Up to and including the line that contains "Des illustrations magnifiques", repeat each line of the data exactly, starting from the first.

*** Data provided

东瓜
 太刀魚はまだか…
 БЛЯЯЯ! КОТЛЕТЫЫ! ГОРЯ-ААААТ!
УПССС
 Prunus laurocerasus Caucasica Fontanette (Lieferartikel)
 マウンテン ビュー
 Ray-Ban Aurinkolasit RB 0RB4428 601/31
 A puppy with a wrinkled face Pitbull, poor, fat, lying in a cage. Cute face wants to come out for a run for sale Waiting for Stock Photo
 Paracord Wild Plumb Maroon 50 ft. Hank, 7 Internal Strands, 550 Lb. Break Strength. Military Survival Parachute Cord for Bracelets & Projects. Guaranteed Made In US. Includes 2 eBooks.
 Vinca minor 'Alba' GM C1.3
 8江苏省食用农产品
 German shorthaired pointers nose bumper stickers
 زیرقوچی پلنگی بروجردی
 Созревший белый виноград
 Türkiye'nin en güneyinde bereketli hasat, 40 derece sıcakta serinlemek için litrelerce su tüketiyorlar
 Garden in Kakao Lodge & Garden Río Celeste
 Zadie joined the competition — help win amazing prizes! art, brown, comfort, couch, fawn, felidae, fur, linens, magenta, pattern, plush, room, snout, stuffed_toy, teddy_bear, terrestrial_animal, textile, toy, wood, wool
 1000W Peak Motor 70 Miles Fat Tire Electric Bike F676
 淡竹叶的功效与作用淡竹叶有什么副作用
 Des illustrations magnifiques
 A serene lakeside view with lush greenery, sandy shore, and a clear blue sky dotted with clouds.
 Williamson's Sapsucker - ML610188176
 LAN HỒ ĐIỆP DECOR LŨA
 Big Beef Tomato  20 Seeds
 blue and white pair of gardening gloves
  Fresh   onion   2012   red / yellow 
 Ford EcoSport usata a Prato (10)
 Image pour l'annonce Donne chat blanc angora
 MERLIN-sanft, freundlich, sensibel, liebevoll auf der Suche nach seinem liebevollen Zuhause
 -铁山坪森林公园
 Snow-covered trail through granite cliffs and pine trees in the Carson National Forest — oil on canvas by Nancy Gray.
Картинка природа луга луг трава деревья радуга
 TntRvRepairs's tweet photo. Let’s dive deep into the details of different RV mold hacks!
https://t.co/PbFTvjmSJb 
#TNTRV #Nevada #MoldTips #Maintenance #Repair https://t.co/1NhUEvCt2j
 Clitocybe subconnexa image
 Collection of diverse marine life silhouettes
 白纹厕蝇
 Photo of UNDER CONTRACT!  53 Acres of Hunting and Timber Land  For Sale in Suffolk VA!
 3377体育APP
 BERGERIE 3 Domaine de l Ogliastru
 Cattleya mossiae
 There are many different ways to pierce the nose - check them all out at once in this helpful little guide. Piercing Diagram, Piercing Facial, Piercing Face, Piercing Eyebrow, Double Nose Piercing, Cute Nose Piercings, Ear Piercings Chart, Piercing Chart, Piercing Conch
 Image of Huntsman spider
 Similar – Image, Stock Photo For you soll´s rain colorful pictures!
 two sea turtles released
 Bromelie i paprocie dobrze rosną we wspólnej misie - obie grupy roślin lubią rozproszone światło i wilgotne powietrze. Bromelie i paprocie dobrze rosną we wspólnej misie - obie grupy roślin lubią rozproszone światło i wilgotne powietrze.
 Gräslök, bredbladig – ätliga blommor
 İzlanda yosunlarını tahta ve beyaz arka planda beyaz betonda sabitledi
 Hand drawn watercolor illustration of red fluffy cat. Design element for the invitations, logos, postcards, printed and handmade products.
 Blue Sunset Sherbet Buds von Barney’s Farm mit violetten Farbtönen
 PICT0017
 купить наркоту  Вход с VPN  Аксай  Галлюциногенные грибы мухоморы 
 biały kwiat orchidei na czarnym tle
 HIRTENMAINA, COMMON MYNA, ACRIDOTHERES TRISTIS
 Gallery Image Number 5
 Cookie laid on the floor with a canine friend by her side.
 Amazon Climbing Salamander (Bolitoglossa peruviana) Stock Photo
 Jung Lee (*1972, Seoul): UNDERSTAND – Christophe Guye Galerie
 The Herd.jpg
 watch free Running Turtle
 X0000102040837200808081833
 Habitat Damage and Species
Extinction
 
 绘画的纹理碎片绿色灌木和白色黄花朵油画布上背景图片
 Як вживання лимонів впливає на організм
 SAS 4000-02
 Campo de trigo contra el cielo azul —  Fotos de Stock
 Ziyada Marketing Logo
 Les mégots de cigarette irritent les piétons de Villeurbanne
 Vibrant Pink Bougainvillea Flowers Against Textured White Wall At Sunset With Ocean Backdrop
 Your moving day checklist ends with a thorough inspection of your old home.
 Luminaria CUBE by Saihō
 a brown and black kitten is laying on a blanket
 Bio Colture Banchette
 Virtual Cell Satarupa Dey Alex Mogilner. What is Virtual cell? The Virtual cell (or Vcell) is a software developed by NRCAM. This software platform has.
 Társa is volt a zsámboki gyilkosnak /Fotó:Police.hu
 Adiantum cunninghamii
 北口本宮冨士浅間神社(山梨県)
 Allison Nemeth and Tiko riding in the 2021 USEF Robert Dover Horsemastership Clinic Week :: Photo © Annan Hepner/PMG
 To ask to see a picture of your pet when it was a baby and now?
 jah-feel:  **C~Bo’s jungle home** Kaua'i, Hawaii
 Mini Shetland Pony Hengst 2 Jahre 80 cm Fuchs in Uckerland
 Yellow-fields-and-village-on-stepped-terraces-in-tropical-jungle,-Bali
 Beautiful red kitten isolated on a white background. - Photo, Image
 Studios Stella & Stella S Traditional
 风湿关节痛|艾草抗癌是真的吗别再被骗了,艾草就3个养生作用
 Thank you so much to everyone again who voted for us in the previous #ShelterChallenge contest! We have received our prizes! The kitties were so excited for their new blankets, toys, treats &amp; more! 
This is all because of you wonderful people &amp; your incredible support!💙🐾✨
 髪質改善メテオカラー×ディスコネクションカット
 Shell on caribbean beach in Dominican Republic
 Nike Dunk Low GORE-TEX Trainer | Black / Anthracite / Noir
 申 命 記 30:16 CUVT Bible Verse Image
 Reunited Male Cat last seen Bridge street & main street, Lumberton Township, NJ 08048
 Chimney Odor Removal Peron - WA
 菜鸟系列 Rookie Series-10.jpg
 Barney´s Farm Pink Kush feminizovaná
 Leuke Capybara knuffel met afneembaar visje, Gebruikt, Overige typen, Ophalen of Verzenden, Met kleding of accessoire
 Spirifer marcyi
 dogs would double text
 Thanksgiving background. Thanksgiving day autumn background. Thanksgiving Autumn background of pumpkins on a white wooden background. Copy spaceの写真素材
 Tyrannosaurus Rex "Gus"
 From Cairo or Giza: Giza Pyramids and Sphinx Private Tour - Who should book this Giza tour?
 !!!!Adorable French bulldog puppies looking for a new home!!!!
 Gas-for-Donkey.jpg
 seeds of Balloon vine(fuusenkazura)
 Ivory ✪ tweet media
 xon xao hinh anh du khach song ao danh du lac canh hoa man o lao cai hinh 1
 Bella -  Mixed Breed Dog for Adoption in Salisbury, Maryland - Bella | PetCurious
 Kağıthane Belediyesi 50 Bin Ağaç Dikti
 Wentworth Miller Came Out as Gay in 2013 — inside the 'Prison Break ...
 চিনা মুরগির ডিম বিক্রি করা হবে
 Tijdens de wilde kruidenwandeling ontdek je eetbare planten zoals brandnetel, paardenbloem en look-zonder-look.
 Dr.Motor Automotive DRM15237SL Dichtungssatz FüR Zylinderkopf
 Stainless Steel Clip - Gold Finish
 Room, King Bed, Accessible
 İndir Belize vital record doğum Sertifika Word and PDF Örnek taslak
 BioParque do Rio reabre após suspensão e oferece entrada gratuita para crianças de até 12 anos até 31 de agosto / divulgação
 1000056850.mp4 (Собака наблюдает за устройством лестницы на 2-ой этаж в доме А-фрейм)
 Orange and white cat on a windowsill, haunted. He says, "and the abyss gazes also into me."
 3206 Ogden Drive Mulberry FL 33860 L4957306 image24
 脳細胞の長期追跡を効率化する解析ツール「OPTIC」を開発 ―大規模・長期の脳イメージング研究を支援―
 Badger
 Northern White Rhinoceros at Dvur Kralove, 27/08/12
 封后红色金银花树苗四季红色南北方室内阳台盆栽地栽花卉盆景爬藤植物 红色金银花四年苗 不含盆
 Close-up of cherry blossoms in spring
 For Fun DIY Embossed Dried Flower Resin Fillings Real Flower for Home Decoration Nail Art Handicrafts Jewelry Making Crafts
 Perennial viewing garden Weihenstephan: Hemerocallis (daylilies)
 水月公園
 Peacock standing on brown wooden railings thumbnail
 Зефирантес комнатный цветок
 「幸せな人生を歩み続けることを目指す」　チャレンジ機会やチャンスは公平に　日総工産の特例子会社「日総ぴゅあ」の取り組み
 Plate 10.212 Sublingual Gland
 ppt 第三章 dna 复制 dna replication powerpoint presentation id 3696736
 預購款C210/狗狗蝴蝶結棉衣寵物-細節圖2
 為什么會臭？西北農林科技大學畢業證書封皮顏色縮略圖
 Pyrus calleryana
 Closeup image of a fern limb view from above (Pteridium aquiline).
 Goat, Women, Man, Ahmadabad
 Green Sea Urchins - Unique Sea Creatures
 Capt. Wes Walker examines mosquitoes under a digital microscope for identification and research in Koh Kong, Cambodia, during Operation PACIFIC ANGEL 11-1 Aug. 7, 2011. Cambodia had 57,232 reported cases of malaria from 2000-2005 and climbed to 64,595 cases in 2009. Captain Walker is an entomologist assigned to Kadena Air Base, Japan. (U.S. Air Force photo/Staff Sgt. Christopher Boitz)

******

Your solution:
东瓜
 太刀魚はまだか…
 БЛЯЯЯ! КОТЛЕТЫЫ! ГОРЯ-ААААТ!
УПССС
 Prunus laurocerasus Caucasica Fontanette (Lieferartikel)
 マウンテン ビュー
 Ray-Ban Aurinkolasit RB 0RB4428 601/31
 A puppy with a wrinkled face Pitbull, poor, fat, lying in a cage. Cute face wants to come out for a run for sale Waiting for Stock Photo
 Paracord Wild Plumb Maroon 50 ft. Hank, 7 Internal Strands, 550 Lb. Break Strength. Military Survival Parachute Cord for Bracelets & Projects. Guaranteed Made In US. Includes 2 eBooks.
 Vinca minor 'Alba' GM C1.3
 8江苏省食用农产品
 German shorthaired pointers nose bumper stickers
 زیرقوچی پلنگی بروجردی
 Созревший белый виноград
 Türkiye'nin en güneyinde bereketli hasat, 40 derece sıcakta serinlemek için litrelerce su tüketiyorlar
 Garden in Kakao Lodge & Garden Río Celeste
 Zadie joined the competition — help win amazing prizes! art, brown, comfort, couch, fawn, felidae, fur, linens, magenta, pattern, plush, room, snout, stuffed_toy, teddy_bear, terrestrial_animal, textile, toy, wood, wool
 1000W Peak Motor 70 Miles Fat Tire Electric Bike F676
 淡竹叶的功效与作用淡竹叶有什么副作用
 Des illustrations magnifiques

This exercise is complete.